[GIVEN RECORDS]

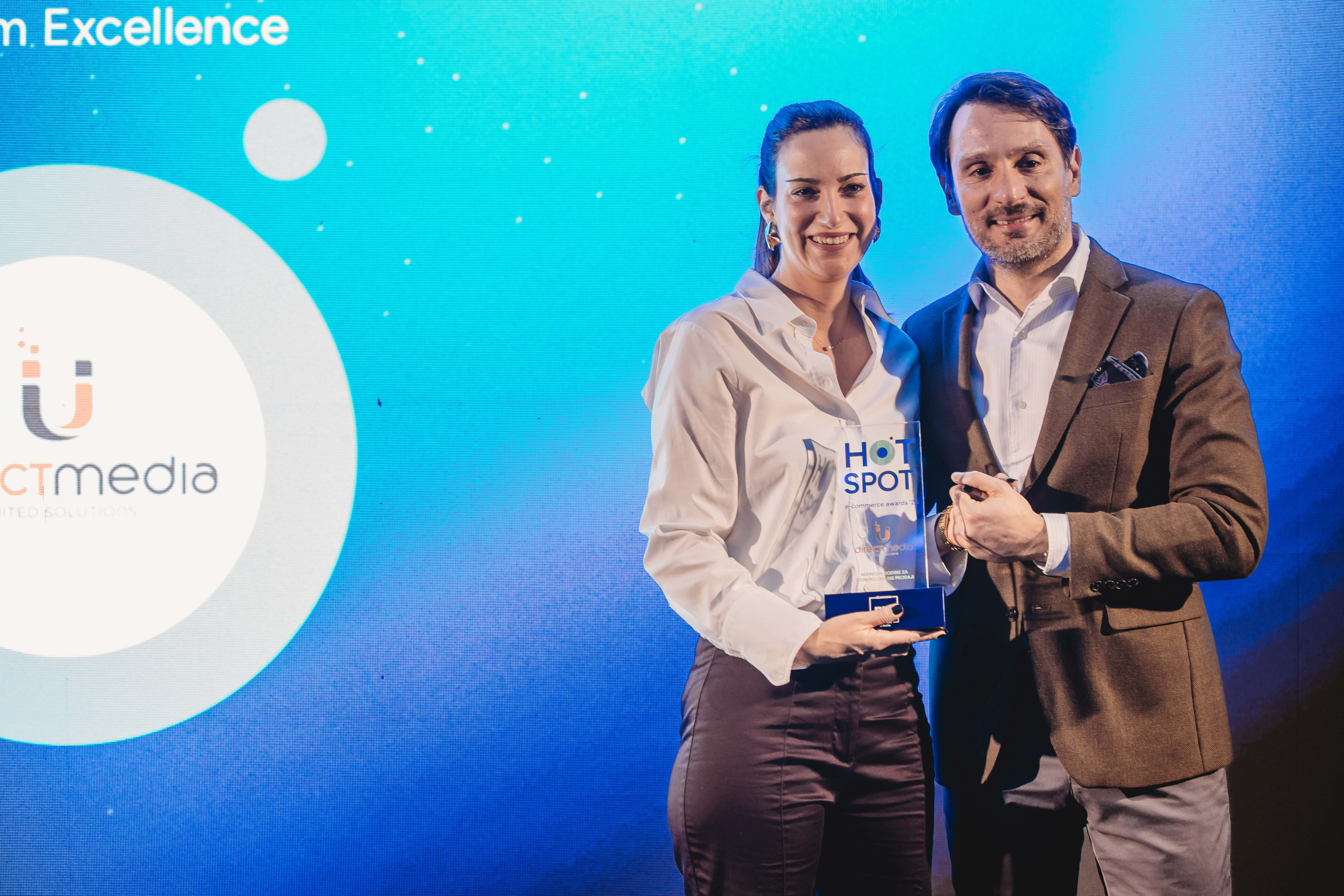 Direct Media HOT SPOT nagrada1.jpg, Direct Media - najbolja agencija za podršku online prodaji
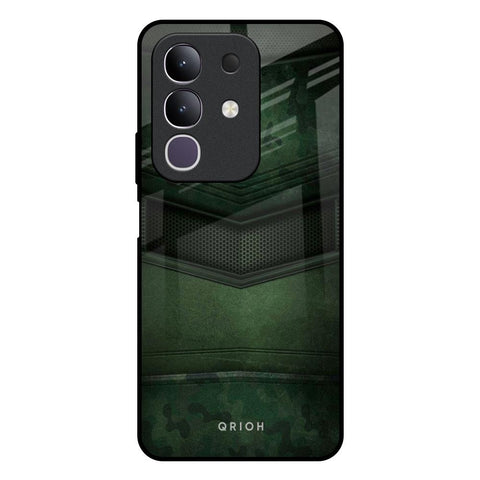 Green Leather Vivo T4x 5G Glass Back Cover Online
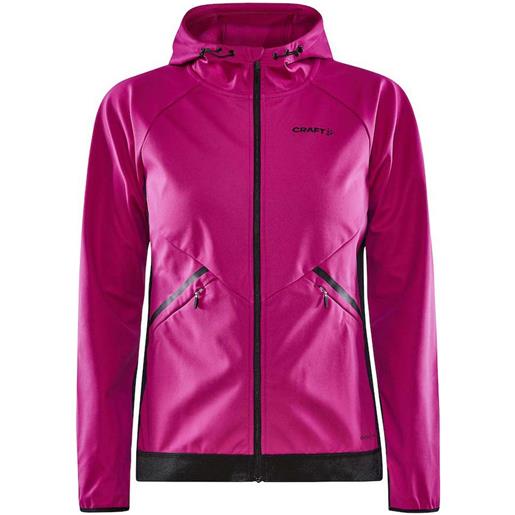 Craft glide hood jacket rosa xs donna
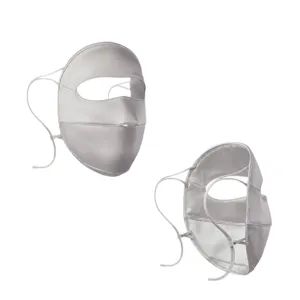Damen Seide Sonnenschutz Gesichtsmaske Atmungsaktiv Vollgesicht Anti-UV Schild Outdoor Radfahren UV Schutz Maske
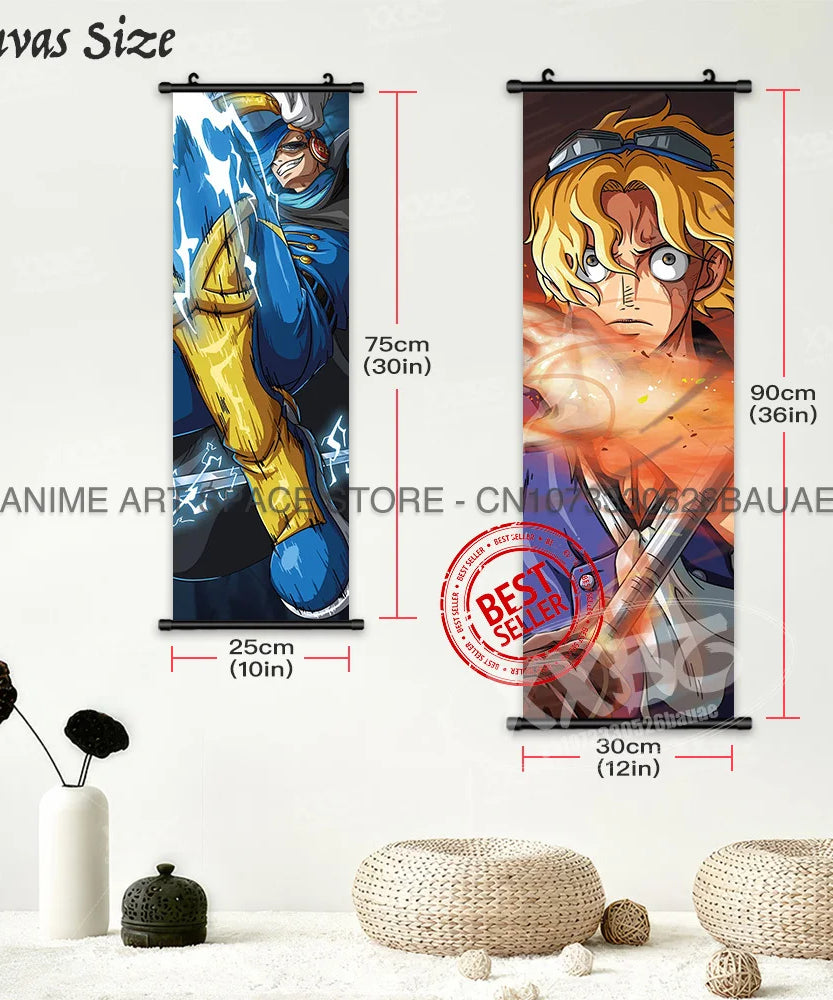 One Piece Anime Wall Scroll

[TASK DIRECTIONS]
Copy out the listing above in full and leave out its pictures.

[OUTPUT]
 Direct Media HOT SPOT nagrada1.jpg, Direct Media - najbolja agencija za podršku online prodaji
 Green Leather Vivo T4x 5G Glass Back Cover Online
 Craft glide hood jacket rosa xs donna
Damen Seide Sonnenschutz Gesichtsmaske Atmungsaktiv Vollgesicht Anti-UV Schild Outdoor Radfahren UV Schutz Maske
 One Piece Anime Wall Scroll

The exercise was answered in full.